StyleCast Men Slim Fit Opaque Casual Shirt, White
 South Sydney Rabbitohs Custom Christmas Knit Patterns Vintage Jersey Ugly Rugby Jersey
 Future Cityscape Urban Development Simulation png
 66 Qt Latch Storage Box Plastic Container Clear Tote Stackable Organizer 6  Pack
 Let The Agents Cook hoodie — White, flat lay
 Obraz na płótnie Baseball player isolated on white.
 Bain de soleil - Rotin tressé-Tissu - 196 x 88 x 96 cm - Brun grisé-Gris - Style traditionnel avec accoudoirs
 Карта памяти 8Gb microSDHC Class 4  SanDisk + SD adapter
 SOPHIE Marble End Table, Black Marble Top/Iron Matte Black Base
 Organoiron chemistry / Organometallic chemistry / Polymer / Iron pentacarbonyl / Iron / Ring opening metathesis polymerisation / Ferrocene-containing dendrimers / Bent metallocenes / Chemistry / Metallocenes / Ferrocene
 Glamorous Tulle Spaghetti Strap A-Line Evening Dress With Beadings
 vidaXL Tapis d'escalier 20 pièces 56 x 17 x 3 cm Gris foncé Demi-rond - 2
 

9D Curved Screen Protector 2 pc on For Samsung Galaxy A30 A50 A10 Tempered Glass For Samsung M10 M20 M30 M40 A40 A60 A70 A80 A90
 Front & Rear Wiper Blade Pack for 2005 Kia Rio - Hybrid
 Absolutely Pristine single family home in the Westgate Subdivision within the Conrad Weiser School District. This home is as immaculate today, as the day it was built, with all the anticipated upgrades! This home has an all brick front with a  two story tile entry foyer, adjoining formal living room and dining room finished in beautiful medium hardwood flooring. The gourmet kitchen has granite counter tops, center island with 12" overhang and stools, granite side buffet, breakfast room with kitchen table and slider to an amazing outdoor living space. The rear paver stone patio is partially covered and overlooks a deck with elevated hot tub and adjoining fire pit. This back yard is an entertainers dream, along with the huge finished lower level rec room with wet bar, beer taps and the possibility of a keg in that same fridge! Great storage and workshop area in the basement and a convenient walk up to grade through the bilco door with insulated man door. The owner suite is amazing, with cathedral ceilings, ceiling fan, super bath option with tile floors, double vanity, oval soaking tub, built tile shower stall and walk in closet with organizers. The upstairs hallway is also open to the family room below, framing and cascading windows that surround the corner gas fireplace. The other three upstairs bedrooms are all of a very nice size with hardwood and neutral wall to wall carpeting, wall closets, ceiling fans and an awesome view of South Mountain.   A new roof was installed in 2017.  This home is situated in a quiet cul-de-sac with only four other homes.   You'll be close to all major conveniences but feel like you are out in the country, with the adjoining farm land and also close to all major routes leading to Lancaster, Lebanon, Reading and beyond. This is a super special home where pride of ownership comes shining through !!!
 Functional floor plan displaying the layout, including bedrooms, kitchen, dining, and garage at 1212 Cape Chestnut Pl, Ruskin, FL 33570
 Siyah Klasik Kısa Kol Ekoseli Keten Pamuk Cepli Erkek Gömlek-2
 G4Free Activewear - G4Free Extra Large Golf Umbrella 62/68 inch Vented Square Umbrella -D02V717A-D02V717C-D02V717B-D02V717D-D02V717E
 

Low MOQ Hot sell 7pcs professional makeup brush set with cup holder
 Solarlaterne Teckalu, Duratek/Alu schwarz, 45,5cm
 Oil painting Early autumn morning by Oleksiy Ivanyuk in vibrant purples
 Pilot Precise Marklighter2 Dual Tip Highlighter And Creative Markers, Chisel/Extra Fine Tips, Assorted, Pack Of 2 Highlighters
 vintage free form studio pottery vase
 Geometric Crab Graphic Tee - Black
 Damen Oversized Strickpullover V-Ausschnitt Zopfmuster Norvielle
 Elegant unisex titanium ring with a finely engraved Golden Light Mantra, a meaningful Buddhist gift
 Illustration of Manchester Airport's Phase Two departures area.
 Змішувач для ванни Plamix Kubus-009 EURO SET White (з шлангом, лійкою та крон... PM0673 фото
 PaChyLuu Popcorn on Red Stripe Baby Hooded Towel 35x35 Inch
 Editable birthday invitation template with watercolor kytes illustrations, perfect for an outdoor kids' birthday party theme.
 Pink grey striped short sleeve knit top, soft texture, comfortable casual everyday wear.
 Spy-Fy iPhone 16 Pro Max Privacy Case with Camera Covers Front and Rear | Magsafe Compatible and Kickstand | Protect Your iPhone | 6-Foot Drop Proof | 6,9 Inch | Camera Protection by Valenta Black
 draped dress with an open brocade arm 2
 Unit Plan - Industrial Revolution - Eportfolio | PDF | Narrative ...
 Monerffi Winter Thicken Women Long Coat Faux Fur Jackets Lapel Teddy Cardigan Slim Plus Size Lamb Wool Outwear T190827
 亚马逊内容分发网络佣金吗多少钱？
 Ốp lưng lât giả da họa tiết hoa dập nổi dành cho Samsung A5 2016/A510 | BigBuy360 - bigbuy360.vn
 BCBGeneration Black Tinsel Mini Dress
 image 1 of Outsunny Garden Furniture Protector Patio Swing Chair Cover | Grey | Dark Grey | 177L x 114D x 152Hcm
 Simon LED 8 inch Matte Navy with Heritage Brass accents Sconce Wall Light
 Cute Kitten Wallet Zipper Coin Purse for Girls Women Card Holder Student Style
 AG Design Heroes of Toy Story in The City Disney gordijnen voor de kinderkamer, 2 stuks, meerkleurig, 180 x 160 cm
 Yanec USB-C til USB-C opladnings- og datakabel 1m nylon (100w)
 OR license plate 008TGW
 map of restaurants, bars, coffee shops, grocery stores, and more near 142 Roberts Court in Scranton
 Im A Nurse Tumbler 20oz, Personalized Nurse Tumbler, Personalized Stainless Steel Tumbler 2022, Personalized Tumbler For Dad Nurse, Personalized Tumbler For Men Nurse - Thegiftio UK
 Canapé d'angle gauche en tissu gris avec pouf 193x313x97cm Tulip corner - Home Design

◆ Your goal: Copy out all lines above that include the string "Black".

◆ Solution to the exercise:
 SOPHIE Marble End Table, Black Marble Top/Iron Matte Black Base
 Geometric Crab Graphic Tee - Black
 Spy-Fy iPhone 16 Pro Max Privacy Case with Camera Covers Front and Rear | Magsafe Compatible and Kickstand | Protect Your iPhone | 6-Foot Drop Proof | 6,9 Inch | Camera Protection by Valenta Black
 BCBGeneration Black Tinsel Mini Dress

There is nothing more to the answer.